Yeah, that tank would be a death sentence for the clowns I think. 
The rest of stocking list looks tops though!

~ Joel


----------



## stargate_geek

This is a wicked thread! Subscribed!


----------



## CmLaracy

yeah it'd be awesome if we could see some picks of your killer tank this year  LOL

but on the serious note, this tank is definitely gonna look STELLAR


----------



## plantbrain

So stop yer naggin, at least there's some water and some plants in it.:icon_cool 
I've been looking for some nice wide leaf red plants to contrast and think I found a nicer type of A reineckii.

It will be at least 3 weeks or more to run the tank with water up to the top.
Need for the HC to grow in well and then I can flood.

I've had some water in it for the last 1-2 weeks, this was filter sponge and tank water. Seeding the new tank basically.

The sediment will be well cycled.
I'll add some "sponge squeezed juice" (Mulm) to the OC filters when I fire the sucker up.

Timers, electric are all done, just need to add tubing to connect the ball valves to the filter ends, snap the hosing together good etc.
I am using 1/8" lexan hood tops in 24x24 sizes, these can be cut to accommodate the wood poking out at one end and allow much better light transmission.

And each 2x2 ft piece fits the other sized tanks.

For 2 of the tanks, I do not use hoods at all.

Regards, 
Tom Barr


----------



## chasely

Looking good Tom.

If someone wouldn't mind answering this for me...what is HC?

I've tried to do searches but HC is too short to do.

Chase


----------



## lauraleellbp

_Hemianthus callitrichoides_ ; check it out in the Plant Profiles :thumbsup:


----------



## Gatekeeper

Tom, is that wood presoaked or are they destined to become mooring buoys for a while?

Glad to finally see plant pics on the 13th page of this thread. Was starting to think this thread was in the wrong section.


----------



## plantbrain

gmccreedy said:


> Tom, is that wood presoaked or are they destined to become mooring buoys for a while?
> 
> Glad to finally see plant pics on the 13th page of this thread. Was starting to think this thread was in the wrong section.


The wood was pulled from a creek near the coast.
Plenty soaked.

The wood has been glued with silicone to the tank bottom, it ain't going anywhere. 

It turns almost jet black when water hits it.
Most of the plant choices are rather bright, the wood is very dark, so this makes for a nice contrast.

Fish choices vary.
The Red Ark pencils will look very nice, but the cardinals will look best against the darker areas. But looking at some open bright tanks, cardinals still look pretty nice, I just think they look best against a darker color. But I cannot have everything I desire in one larger tank.

The thread is really one that details out how, why, changes, the entire process, not just a tank and planting and seeing if it does well.

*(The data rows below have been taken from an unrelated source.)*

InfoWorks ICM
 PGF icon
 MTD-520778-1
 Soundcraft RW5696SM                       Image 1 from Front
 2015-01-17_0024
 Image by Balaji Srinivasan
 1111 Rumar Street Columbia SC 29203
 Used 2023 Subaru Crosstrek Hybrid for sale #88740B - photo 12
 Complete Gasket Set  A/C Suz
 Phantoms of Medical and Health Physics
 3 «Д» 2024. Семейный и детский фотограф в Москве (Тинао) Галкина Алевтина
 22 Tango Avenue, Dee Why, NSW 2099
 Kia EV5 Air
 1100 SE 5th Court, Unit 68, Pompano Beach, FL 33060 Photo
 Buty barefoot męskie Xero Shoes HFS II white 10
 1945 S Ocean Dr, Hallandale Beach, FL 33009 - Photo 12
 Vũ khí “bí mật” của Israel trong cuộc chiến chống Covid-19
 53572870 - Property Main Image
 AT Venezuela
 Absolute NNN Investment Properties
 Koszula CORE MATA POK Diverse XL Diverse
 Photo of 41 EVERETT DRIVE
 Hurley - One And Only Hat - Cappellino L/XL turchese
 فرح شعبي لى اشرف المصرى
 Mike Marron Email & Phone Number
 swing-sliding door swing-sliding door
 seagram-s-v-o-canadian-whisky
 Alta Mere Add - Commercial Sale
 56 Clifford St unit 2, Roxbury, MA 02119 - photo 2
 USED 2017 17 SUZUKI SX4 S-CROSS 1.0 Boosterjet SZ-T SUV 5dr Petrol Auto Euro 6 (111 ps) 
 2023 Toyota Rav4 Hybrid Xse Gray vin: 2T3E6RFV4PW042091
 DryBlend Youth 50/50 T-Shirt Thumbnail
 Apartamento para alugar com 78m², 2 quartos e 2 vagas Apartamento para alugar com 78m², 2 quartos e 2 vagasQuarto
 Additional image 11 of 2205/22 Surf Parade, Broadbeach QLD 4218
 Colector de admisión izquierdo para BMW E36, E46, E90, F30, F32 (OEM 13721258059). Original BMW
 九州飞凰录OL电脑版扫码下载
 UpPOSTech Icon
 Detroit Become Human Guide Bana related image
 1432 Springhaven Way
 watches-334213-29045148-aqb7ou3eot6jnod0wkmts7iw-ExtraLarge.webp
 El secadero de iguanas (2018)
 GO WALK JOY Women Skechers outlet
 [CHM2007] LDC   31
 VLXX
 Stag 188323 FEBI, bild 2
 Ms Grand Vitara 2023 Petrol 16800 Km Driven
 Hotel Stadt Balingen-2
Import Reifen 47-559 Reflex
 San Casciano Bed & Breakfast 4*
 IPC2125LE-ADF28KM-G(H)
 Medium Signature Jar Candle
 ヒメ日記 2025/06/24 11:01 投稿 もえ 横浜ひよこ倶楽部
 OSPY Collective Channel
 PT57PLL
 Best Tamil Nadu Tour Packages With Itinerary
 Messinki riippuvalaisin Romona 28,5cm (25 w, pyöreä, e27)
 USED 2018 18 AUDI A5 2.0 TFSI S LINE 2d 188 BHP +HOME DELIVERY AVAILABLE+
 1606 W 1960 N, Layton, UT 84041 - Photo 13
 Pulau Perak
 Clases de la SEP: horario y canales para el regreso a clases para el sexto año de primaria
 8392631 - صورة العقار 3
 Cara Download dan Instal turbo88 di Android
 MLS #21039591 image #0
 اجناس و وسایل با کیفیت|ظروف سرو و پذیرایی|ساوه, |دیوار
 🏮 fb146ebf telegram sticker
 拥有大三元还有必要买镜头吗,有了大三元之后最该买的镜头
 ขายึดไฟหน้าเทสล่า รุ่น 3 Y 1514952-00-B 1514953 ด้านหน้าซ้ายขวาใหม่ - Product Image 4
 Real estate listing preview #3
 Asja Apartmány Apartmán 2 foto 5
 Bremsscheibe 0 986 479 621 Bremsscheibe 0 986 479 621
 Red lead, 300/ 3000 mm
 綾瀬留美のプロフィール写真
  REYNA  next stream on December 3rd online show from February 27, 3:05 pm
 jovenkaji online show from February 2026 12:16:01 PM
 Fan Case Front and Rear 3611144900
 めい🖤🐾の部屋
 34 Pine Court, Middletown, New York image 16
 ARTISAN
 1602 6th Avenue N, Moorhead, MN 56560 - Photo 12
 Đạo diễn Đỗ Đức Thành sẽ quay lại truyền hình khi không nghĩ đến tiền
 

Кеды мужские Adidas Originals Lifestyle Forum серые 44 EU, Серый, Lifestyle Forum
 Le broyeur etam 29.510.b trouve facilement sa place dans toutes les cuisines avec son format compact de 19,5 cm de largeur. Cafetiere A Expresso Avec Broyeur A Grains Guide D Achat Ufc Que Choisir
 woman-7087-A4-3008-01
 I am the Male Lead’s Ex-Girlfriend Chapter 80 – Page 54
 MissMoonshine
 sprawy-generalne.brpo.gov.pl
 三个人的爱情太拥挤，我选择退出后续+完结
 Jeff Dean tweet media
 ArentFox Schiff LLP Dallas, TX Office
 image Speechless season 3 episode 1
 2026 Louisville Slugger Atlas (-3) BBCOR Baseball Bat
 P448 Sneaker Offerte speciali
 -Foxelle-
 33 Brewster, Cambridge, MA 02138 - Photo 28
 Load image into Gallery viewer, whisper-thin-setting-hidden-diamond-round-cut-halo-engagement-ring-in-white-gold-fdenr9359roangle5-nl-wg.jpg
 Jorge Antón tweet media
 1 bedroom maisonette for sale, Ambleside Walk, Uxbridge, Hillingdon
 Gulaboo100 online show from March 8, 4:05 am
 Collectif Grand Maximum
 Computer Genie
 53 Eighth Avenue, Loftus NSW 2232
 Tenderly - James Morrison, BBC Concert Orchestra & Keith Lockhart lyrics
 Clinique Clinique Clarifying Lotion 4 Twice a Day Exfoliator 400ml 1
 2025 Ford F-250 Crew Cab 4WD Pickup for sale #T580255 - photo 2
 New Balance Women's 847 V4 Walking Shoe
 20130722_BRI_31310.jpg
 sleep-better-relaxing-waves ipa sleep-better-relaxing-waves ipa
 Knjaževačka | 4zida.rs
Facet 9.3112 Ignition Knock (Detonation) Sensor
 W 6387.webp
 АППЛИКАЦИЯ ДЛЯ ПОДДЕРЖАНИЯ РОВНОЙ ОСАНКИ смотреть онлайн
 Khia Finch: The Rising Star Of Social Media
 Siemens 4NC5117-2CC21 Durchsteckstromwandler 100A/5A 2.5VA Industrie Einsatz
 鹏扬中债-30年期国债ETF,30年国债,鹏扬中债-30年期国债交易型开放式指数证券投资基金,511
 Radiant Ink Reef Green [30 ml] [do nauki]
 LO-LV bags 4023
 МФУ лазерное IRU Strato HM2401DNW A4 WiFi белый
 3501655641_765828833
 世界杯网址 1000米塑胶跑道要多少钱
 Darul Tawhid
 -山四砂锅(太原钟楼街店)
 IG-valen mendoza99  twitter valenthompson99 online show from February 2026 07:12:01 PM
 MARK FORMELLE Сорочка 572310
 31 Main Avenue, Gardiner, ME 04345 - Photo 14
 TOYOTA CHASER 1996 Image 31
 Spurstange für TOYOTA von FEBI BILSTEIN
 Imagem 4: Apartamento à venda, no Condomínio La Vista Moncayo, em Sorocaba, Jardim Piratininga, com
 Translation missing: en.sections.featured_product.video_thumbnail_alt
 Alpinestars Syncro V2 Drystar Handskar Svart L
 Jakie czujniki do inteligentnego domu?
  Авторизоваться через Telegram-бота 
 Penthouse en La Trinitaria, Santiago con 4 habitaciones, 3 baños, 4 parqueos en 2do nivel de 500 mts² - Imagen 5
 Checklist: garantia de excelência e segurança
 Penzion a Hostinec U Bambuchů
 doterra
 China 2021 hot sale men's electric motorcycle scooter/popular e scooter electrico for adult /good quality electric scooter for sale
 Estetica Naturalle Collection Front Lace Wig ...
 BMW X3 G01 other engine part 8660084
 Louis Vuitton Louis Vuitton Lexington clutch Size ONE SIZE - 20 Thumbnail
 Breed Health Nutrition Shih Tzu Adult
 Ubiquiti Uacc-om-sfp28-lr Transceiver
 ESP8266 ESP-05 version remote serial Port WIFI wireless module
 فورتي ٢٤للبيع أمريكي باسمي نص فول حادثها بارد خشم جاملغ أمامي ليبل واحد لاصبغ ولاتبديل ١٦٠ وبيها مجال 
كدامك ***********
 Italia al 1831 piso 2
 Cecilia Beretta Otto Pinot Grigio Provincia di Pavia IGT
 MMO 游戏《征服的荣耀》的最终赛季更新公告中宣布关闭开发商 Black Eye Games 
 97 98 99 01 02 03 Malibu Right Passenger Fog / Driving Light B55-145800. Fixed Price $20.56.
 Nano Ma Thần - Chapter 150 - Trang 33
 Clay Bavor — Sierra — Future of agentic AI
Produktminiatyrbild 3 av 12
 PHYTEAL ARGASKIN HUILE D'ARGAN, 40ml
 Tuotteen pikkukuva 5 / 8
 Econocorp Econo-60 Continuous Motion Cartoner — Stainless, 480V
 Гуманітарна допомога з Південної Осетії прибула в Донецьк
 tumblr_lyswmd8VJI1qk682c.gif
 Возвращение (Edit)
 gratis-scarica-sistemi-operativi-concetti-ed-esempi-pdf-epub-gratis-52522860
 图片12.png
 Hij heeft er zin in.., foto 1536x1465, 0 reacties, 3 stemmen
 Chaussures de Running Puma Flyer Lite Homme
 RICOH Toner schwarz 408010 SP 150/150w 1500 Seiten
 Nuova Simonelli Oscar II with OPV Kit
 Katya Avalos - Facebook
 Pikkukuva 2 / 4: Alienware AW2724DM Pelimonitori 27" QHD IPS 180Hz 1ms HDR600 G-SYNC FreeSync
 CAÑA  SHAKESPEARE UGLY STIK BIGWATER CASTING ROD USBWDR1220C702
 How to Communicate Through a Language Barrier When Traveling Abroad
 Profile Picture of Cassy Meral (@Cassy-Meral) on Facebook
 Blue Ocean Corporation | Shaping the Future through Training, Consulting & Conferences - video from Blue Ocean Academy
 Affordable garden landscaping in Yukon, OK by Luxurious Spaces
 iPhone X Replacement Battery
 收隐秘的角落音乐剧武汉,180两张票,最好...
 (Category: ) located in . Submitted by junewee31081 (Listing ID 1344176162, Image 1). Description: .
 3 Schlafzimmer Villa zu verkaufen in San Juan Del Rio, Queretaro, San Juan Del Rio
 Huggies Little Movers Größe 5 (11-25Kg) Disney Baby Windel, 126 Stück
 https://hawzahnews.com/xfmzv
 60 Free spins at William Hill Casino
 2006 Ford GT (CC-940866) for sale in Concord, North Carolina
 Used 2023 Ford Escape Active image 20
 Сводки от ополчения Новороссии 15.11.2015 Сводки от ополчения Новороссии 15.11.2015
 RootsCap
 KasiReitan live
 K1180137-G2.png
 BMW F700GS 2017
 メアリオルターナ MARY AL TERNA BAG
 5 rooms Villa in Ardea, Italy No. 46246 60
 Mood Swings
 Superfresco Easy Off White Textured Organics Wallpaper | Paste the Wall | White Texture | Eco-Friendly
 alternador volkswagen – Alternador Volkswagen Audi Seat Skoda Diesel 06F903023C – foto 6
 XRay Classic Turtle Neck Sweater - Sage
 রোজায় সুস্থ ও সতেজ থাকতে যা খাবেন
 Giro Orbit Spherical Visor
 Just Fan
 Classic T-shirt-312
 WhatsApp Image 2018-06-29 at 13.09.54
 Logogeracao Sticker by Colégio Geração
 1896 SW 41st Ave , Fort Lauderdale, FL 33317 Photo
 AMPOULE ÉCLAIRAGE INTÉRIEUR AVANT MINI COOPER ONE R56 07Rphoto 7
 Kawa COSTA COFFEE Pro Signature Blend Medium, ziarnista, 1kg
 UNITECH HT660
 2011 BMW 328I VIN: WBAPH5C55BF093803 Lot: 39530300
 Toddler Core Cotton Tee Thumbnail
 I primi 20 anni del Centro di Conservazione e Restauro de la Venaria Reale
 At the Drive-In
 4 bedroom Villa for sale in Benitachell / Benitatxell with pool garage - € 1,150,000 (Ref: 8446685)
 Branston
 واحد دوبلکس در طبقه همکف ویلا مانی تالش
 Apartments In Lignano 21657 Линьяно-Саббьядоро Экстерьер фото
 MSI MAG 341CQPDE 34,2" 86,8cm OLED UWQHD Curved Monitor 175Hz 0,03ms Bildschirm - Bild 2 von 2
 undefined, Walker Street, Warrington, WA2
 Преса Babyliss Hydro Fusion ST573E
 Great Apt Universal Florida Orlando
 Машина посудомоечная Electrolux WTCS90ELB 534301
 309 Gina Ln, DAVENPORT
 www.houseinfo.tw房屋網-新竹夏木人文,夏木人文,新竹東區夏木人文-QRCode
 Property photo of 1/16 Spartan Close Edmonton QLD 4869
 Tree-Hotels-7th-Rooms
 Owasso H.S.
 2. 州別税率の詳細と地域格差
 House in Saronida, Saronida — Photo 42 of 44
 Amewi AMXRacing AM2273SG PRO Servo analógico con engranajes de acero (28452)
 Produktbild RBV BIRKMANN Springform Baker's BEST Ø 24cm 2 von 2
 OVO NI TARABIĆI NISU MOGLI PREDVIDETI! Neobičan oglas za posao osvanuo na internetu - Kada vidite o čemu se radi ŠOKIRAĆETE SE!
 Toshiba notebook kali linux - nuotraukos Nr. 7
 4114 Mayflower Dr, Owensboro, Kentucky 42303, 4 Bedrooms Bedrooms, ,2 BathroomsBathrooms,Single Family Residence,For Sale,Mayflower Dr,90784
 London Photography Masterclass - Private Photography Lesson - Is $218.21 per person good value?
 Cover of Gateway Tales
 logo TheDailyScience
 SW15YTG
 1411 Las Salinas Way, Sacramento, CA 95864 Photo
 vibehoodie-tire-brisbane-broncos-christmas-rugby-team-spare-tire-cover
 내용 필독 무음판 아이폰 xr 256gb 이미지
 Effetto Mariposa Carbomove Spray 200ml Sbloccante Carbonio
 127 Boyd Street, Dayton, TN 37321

Since I made a lot of the things myself, and I am a full time PhD student, and I work as well, Bike, run, travel etc, it's not like I have that much time to devote.

So it can take me awhile, but clients need things done right and done yesterday, this comes second.

But, I also learn a lot everytime and like to reflect, implementing what I've learned.

Seeing if the large scale of the dry start method is effective for example.
Seeing if the parallel plumbing schematic works nicely, noise reduction, light hanging fixtures, no cords or hoses visible from the outside, yet another example of a tank where you clearly do not need power sand:icon_idea , a tank that is easy to garden(perfect height for me pruning and a sitting viewer). 

I'm in no rush.

All the ideas and smaller scale test need to be implemented and verified.
Cannot talk the talk without walking the walk.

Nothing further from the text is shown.